А сапоги я не носила. Когда ползешь, они спадают, неудобно. У меня были ботинки и обмотки. Обмотки меня спасали. Если я не могу с раненным сладить, тогда к нему подползаю, разматываю обмотку, завязываю. Эта обмотка была два метра, здоровенная такая. И если можно — не сильный обстрел — я его тяну потихоньку. Если невозможно, то я ложусь прямо на живот и еле подтяну, а он другой раз рукой тоже помогает. И просишь его: "Ну, помогай мне, пожалуйста, миленький мой, помогай! Ну, давай! Я же хочу тебя быстрей спасти!" И он тоже помогает».
Во время боев на Лысой горе Степыкина получила ранение, после лечения вернулась в строй. В январе 1943 года высота была очищена от противника, а 2 февраля немецкая армия в Сталинграде капитулировала. Следующим крупным сражением для санинструктора стала Курская дуга. Летом 1943 года она проявила отвагу и героизм, спасла большое количество раненых. За свои заслуги Зинаида Петровна Степыкина была награждена орденом Красной Звезды. В августе 1943 года при освобождении Харькова 20-летняя санитарка получила тяжелое ранение. Она перевязывала раненого, как вдруг рядом разорвалась мина, поразив девушку множеством осколков.
Снова на фронт
Восстановившись в госпитале, Зинаида вернулась в строй. Она освобождала Украинскую, Молдавскую ССР, участвовала в боях за Румынию, Венгрию, Австрию и Чехословакию. На завершающем этапе Великой Отечественной санинструктор получила еще одно ранение. Вот что она вспоминала об этом:
«Спас меня тогда мой орден Красной Звезды. Осколок снаряда мог бы попасть мне в грудь, но ему помешала награда. Множественные осколки повредили грудь в районе диафрагмы и попали в голову. Но все-таки ранение оказалось не таким тяжелым, как могло бы быть. Только комсомольский билет залило кровью... Вот так мой орден спас мне жизнь!»

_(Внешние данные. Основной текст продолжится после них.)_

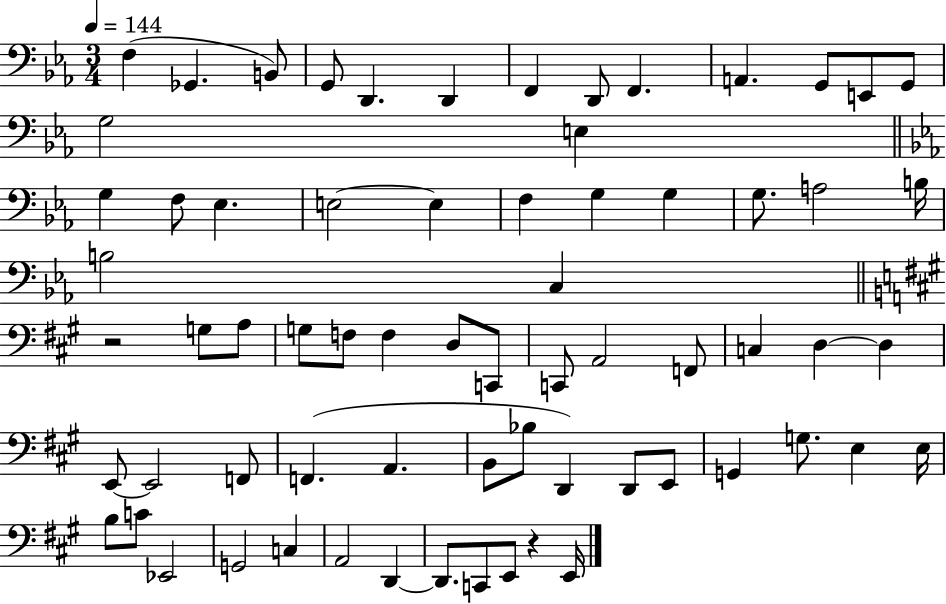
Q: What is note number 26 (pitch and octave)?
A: B3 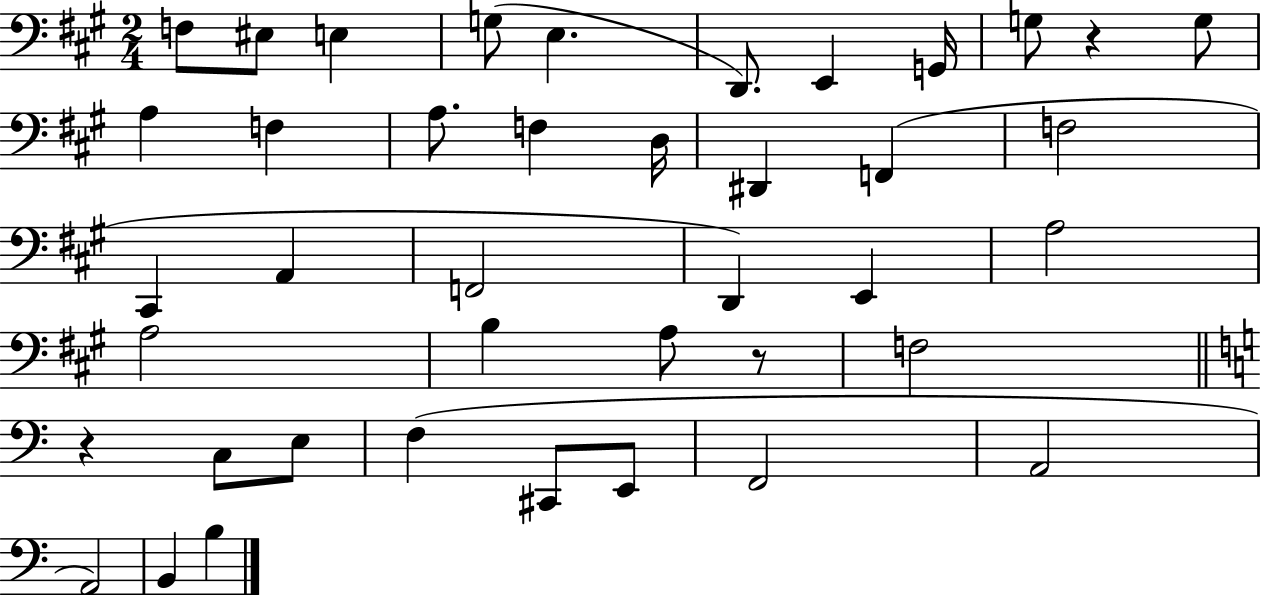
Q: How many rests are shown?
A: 3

Зинаида Петровна Степыкина встретила Победу в Праге. В мирное время она демобилизовалась, работала в отделении травматологии Городской больницы № 1 в Сталинграде (с 1961 Волгоград). Ветеран вышла на пенсию в 1996 году, после 50 лет трудового стажа. Больные очень любили Зинаиду Петровну и называли ее своей няней, а коллеги относились с глубоким уважением. Зинаида Петровна Степыкина скончалась в 2022 году в возрасте 98 лет.
Групповое фото женщин-санитаров 63-й гвардейской стрелковой дивизии Ленинградского фронта. 1944. Колоризация
ТГ канал с раскрашенными фронтовыми фотографиями: https://t.me/war_in_color
Групповое фото женщин-санитаров 63-й гвардейской стрелковой дивизии Ленинградского фронта. Слева направо: Прасковья Захаровна Волкова (1922 г.р., награждена медалью «За боевые заслуги» и орденом Славы III степени), София Васильевна Шкадова (награждена медалью «За боевые заслуги» и медалью «За оборону Ленинграда») и Зинаида Михайловна Смирнова (награждена медалью «За боевые заслуги» и медалью За оборону Ленинграда»). П. Волкова и С. Шкадова погибли в поселке Криуши под Нарвой, Эстония. София — 11.02.1944 г., Прасковья — 12.02.1944 г.
Место съемки: Ленинградская область
Время съемки: 1944
Автор: Борис Кудояров
Ответ на пост «Подвигу медсестёр и санитарных инструкторов ВОВ посвящается»1
На втором фото Екатерина Илларионовна Михайлова.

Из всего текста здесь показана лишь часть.